Los detectives que vigilaban a Tracy tenían la sensación de que a ella sólo le interesaba el turismo. Le siguieron los pasos cuando recorrió la isla y visitó el monasterio de San Francisco, el colorido castillo de Bellver y la playa de Illetas. Asistió a una corrida de toros y cenó en un restaurante típico frente a la Plaza de la Reina. Y siempre aparecía sola.
Realizó excursiones a Formentor, Valldemosa y La Granja, y visitó las fábricas de perlas de Manacor.
– Nada -le informaron los detectives a Ernesto Marze-. Se pasea como cualquier turista, comisario.
Una secretaria entró en la habitación.
– Hay un señor norteamericano, Daniel Cooper, que desea verle -anunció.
El comisario tenía muchos amigos estadounidenses. Le gustaba la gente de ese país, y tenía la impresión de que, pese a lo que le había anticipado el inspector Trignant, Daniel Cooper le caería bien.
Pero se equivocó.
– Son todos unos idiotas -pontificó Cooper-. Por supuesto que no ha venido aquí como turista.
Marze apenas logró contenerse.
– Señor, usted mismo aseguró que los blancos que atraen a la señorita Whitney son siempre espectaculares, que disfruta haciendo cosas que parecen imposibles.
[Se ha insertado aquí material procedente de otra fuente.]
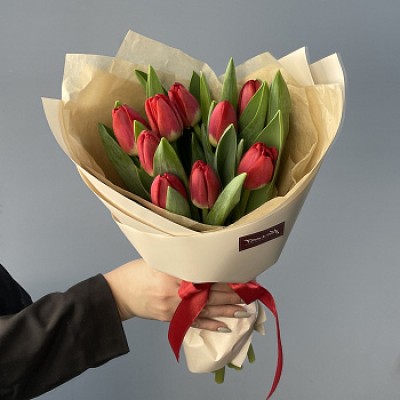 Букет из 9 красных тюльпанов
He realizado una prolija investigación, señor Cooper, y pienso que no hay nada en Mallorca digno de cautivar los talentos de esta señorita.
– ¿Se ha encontrado con alguien?
– Aún no.
– Pues lo hará -sentenció Cooper.
Ahora sé lo que quieren decir cuando hablan del norteamericano repugnante, pensó Marze.
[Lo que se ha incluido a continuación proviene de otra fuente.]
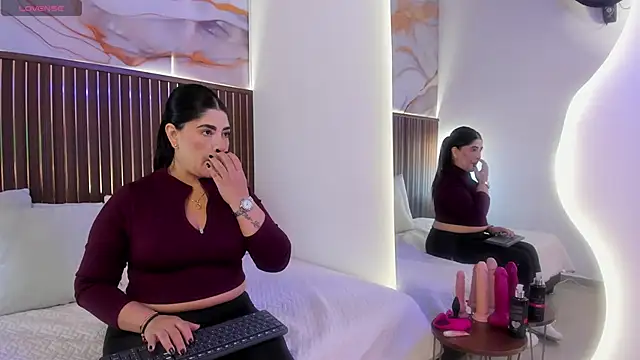 Roxie-NS online show from October 24, 12:23 pm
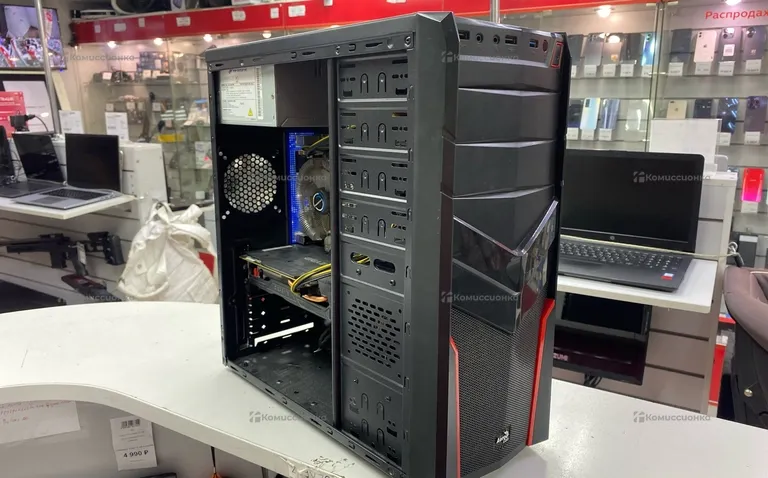 Системный блок  aerocool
Hay más de doscientas cavernas conocidas en Mallorca, pero las más atrayentes son las Cuevas del Drach, cerca de Porto Cristo, a una hora de viaje desde Palma. Las antiquísimas grutas se internan en la tierra. Se trata de enormes cavernas recubiertas por estalactitas y estalagmitas, donde reina un silencio sepulcral, salvo el esporádico ruido de corrientes subterráneas. Las aguas, verdes, azules y blancas, indican la medida de la tremenda profundidad.